Dr. Art. Thesis
My Dr. Art. thesis 'Reservation Rock: Songs from the Leningrad Rock Club 1981-86'‚ studies rock Leningrad before Perestroika brought on the rock boom of the late 1980s. The thesis addresses two main problem areas. The first is the relationship between the Leningrad rock environment and the various incarnations of Soviet power. Here, it challenges the traditional approach to rock as a form of political counterculture and proposes a different perspective for approaching alternative culture in totalitarian societies. The second is the question of Russian rock's 'russianness'. Here, my work seeks to transcend the traditional division of Russian rock songs into a western musical and a Russian lyrical part, situating the lyrics within a broader rock tradition and considering the possibility of Russian musical traits.
The approach is interdisciplinary, comprising sociology, musicology and literary studies. The sociological background includes a historical account of Leningrad rock from the 1960s to the1980s, with a special emphasis on the LRC, the fanzine Roksi and the AnTrop recording studio. The fieldwork was made in St. Petersburg over three months in the fall of 2001 and six weeks in spring 2002. Musicians, critics, rock club council members and other key persons were interviewed (seven interview transcripts can be found here).
Songs by four different Leningrad Rock Club (LRC) bands were subjected to musical-lyrical analyses. The musical analyses are based on the Philip Tagg's method for non-musicologists, which utilises popular competence as an analytic basis.

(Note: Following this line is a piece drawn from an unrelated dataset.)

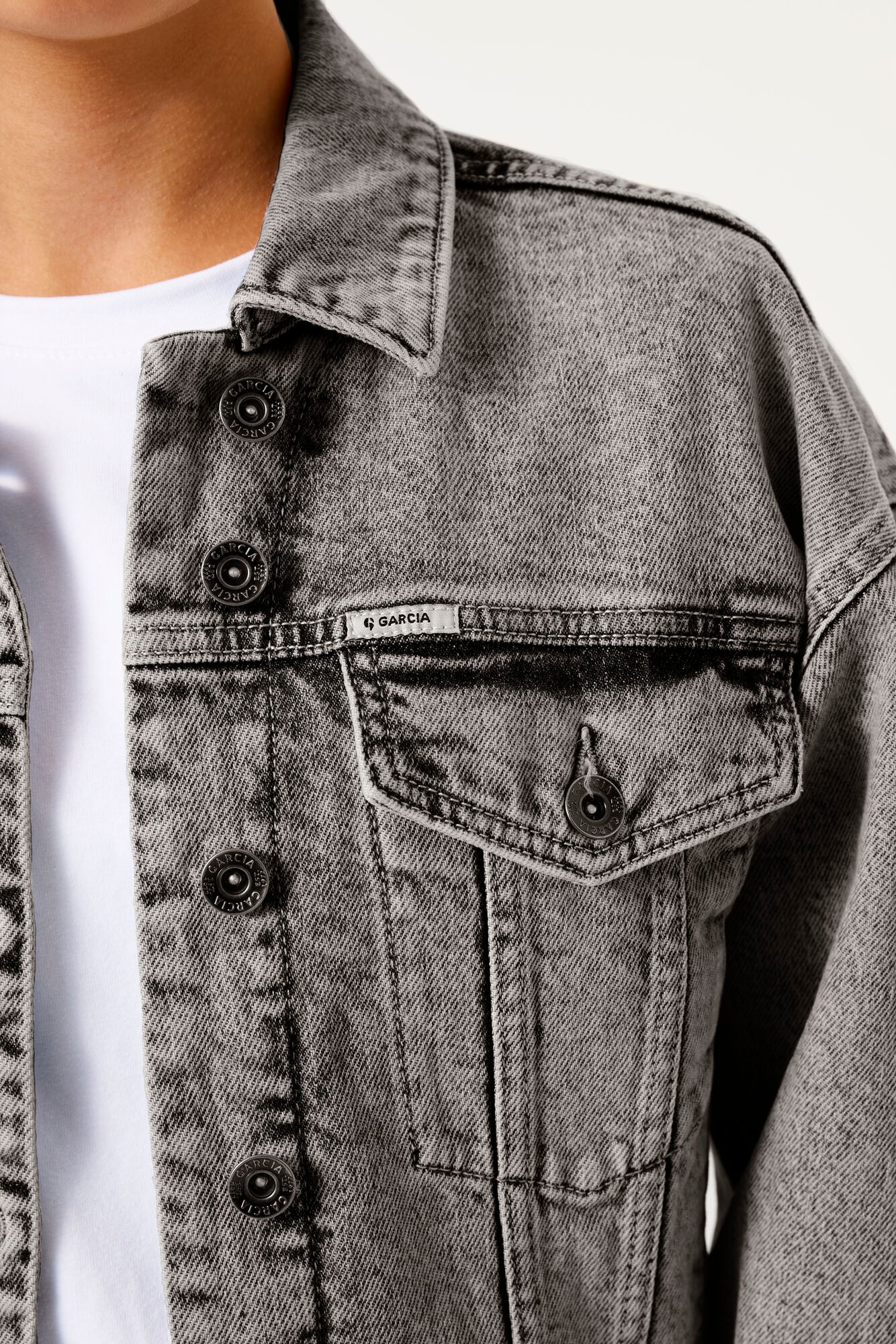 Garcia Jeansjacke ohne Kapuze mit Stretch und Knopfleiste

The supervisors for this project were: Professor of Russian Literature Jostein Børtnes, at the Dept. of Russian Studies, Bergen University; Ethnomusicologist Dr. Hans Weisethaunet, at the Grieg Academy, Bergen University; and Professor of Musicology Philip Tagg, Faculté de Musique, Université de Montréal.
The project was financed by the Norwegian Research Council (NFR). It was publicly defended at Bergen University on 12th November 2004.